Others agree that crypto and blockchain needs to take a more collaborative, coexistence-focused approach. As Mark Jeffrey suggested, compatibility may now be a necessary requirement to survival and success:

“It’s not a zero sum game. The rule now is that you must be EVM-compatible. If you’re that, you can compete now. It’s best if you can get multichain.xyz and other utilities to support your chain. It’s best if you can get SushiSwap or a clone of it running on your chain quickly, and get liquidity providing, farming and all those things running fast.”

‘A MySpace Moment’ For Ethereum

But even if we assume that crypto will need multiple chains to really thrive and evolve, can we still expect, say, Ethereum to be the leading smart contract platform for the foreseeable future?

For Jeffrey, this isn’t a given by any means.

“Ethereum has to solve the gas crisis. And soon. It absolutely, absolutely has to. This is a MySpace Moment for ETH — it either solves its severe issues and defends its turf, or it gets left behind as BSC or Polygon drink its milkshake,” he told Cryptonews.com.

For BitMEX Research, Ethereum boasts certain advantages which may be enough to keep it in the lead for some time to come.

“[Liquidity locked inside of DeFi] could be a strong advantage. It could be hard for rival platforms to generate this liquidity, unless the rivals have help from well-financed backers such as FTX and Binance,” its spokesperson said.

BitMEX Research also adds that coin-ownership distribution, in the sense of being more widely dispersed than with rivals, may be beneficial for Ethereum. As may the sheer number of apps and tools that have been built for Ethereum, even if many of these can be transferred to other chains.

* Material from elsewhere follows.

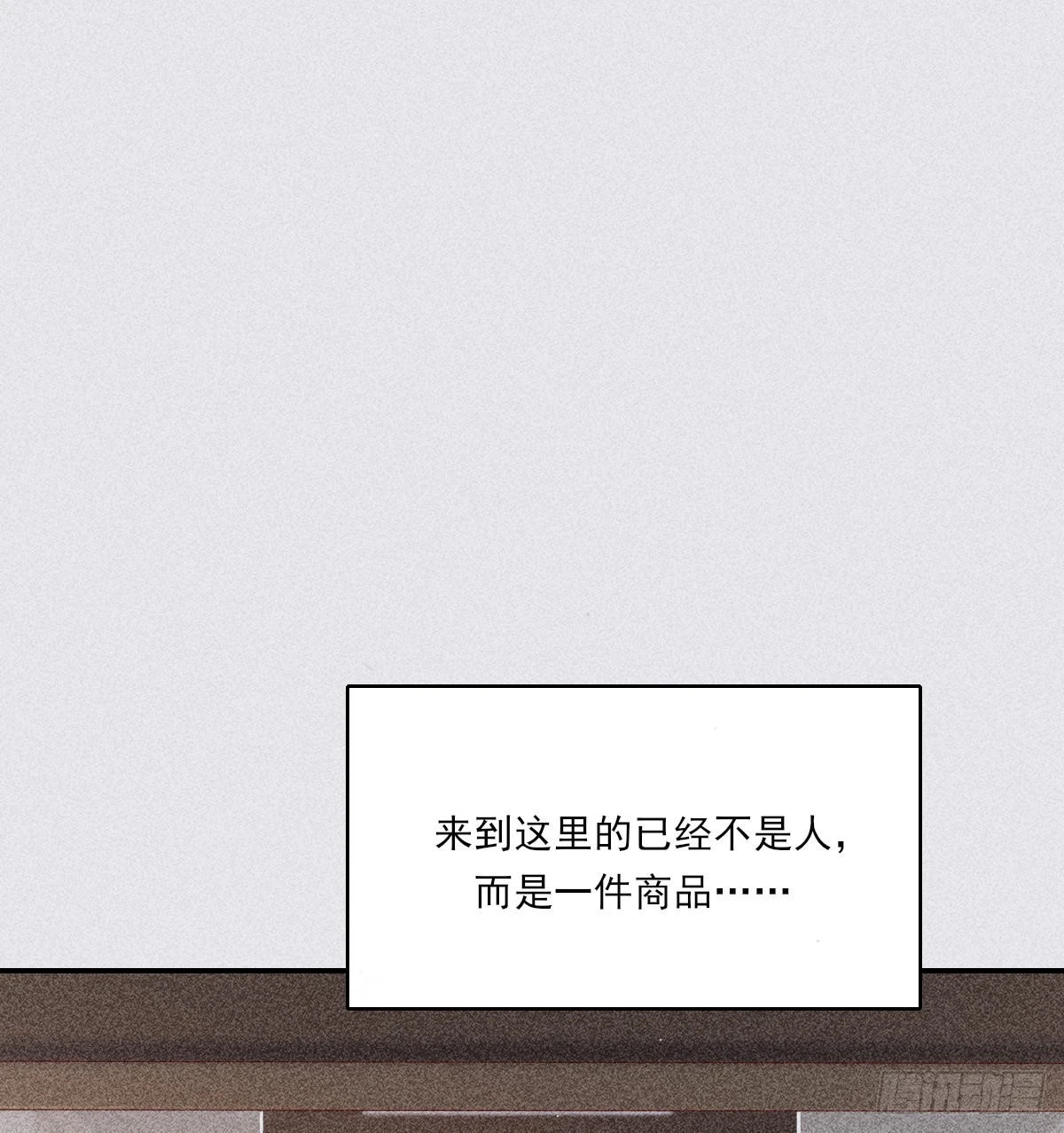 公众人物 第42页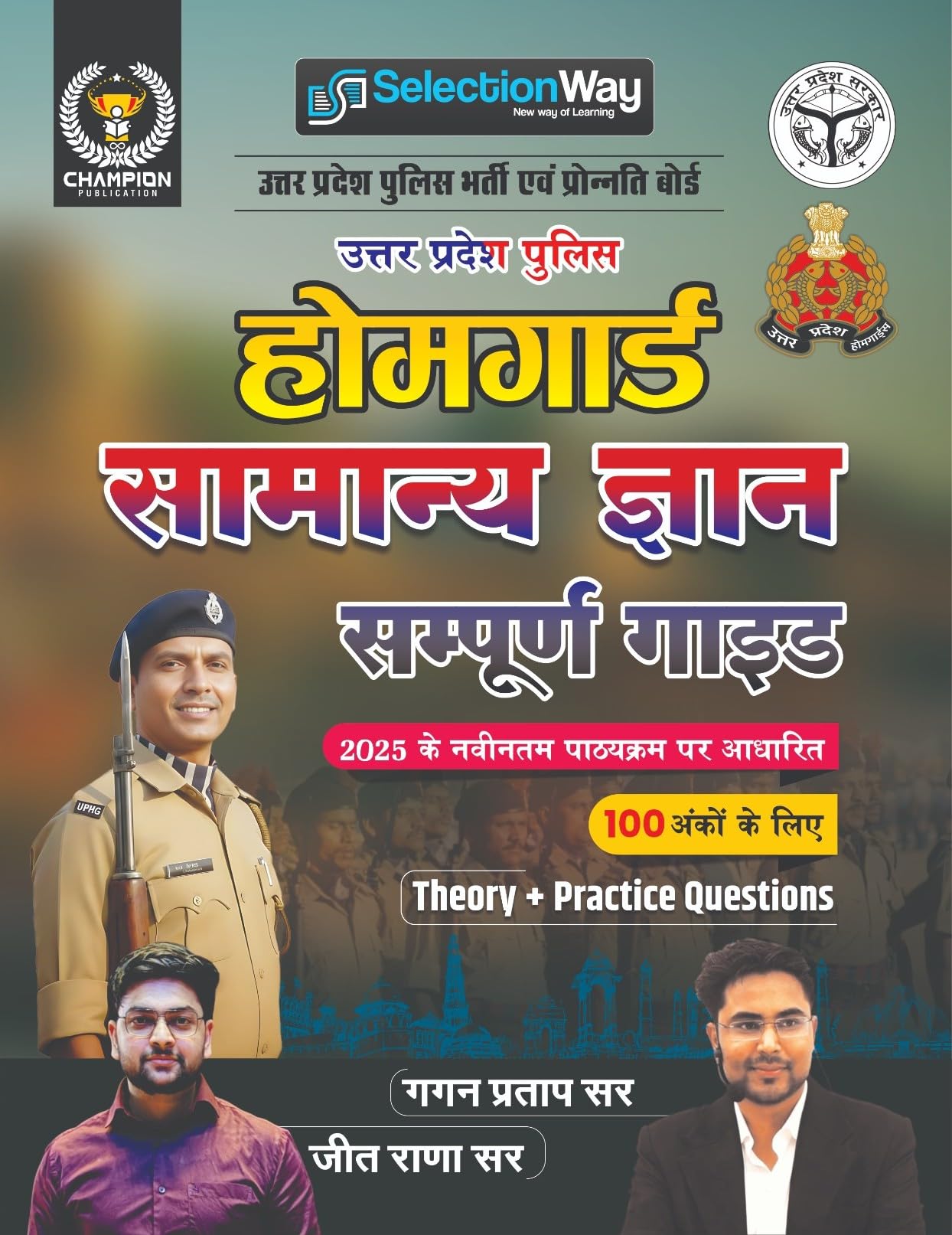 Up Home Guard Samanya Gyan Book Hindi | Complete Guide | Theory + Practice Question | Jeet Rana Sir | Gagan Pratap Sir | Based O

However, in the longer term, Tendermint’s Peng Zhong suspects that Ethereum’s dominance may slip to some degree once developers shift more towards building blockchains rather than apps, driven by the desire to have their own sovereign chain and to make their own rules.

“After the advantages of this autonomy become clear and the ecosystem of interconnected chains grows, I think we will see a migration away from smart contracts to independent blockchains. There will be no limitation on the number of chains, nor potential use cases for the future multichain and multi-protocol environment, and Ethereum will definitely continue to play a major role,” he said.